Law était mort depuis cinquante ans, et le système avait sombré dans une épouvantable débâcle ; mais l’agitation qu’il avait fait naître avait survécu à ce désastre ; de tant de ruines était sortie cette force inconnue qui devait un jour fonder le crédit public et la fortune mobilière de la France.

Chassés de leur pays par les discordes de leur petite république, des banquiers genevois avaient apporté à Paris les secrets et les ressources de leur opulente industrie.

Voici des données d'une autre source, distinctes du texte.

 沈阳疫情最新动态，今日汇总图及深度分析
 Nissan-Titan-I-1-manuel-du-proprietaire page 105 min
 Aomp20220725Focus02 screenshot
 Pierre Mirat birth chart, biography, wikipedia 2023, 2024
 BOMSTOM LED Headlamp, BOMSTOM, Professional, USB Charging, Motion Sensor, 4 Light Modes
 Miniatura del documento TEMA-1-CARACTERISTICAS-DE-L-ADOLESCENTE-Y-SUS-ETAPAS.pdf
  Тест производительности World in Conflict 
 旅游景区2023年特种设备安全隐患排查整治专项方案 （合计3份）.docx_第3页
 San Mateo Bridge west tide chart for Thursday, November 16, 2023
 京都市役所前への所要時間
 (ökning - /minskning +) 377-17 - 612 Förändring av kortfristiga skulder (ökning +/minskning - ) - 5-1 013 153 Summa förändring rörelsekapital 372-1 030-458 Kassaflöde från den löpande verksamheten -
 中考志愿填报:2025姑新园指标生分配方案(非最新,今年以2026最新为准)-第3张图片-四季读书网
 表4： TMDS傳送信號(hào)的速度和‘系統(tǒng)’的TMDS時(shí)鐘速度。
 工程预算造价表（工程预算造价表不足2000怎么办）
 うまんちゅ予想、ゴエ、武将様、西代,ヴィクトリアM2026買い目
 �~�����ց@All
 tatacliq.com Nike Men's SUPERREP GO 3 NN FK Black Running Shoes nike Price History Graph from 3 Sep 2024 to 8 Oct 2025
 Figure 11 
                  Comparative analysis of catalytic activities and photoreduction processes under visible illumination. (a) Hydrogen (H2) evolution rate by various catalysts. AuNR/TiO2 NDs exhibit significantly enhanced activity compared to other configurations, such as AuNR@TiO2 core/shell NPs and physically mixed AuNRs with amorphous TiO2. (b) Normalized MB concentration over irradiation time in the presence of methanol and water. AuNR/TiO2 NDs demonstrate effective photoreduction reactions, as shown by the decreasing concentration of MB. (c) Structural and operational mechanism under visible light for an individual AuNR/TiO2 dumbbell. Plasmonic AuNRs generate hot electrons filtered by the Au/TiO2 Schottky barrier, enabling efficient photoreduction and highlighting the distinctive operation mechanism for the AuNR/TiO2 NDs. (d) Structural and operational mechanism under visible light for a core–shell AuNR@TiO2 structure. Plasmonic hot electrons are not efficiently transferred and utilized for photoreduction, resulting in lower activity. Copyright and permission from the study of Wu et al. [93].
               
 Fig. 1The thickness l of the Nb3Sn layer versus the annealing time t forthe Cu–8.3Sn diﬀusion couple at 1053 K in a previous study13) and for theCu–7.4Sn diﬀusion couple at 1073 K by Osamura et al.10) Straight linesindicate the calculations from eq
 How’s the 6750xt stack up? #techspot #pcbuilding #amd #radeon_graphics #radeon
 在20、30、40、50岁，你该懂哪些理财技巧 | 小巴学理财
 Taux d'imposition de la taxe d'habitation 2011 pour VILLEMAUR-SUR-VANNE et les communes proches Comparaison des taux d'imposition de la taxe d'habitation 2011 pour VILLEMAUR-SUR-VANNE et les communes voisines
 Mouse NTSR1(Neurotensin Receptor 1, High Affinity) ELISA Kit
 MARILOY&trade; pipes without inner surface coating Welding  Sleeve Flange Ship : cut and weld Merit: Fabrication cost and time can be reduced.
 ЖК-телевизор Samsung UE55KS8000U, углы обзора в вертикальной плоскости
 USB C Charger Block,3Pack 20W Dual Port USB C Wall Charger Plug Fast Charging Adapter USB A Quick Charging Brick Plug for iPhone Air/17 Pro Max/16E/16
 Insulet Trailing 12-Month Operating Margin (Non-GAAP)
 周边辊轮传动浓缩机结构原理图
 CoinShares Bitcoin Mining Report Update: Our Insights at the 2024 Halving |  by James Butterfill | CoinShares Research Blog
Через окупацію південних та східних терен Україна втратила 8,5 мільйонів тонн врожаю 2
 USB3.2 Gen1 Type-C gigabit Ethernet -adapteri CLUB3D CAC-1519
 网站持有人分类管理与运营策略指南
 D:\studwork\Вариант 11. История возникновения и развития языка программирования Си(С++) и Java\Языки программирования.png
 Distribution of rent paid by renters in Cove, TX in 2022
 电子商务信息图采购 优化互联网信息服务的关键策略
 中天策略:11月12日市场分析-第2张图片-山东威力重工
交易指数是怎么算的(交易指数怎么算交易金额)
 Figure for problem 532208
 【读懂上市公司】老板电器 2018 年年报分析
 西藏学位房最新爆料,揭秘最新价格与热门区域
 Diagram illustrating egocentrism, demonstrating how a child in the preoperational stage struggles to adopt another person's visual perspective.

Clavière, Panchaud, Necker, avec eux bien d’autres encore, propageaient autour d’eux, avec le crédit de leur bonne renommée, l’exemple contagieux des gains rapides.

Bien des gens ne voyaient pas sans défiance cette bande d’émigrés laborieux et corrects, sentencieux et durs, qui, non contents de s’enrichir honnêtement dans un temps où la misère publique était à son comble et où les coffres du Roi étaient vides, se poussaient peu à peu, par d’adroites entremises, dans les grands emplois de la politique, et dirigeaient vers le gouvernement de l’État l’ardeur austère de leur ambition calviniste.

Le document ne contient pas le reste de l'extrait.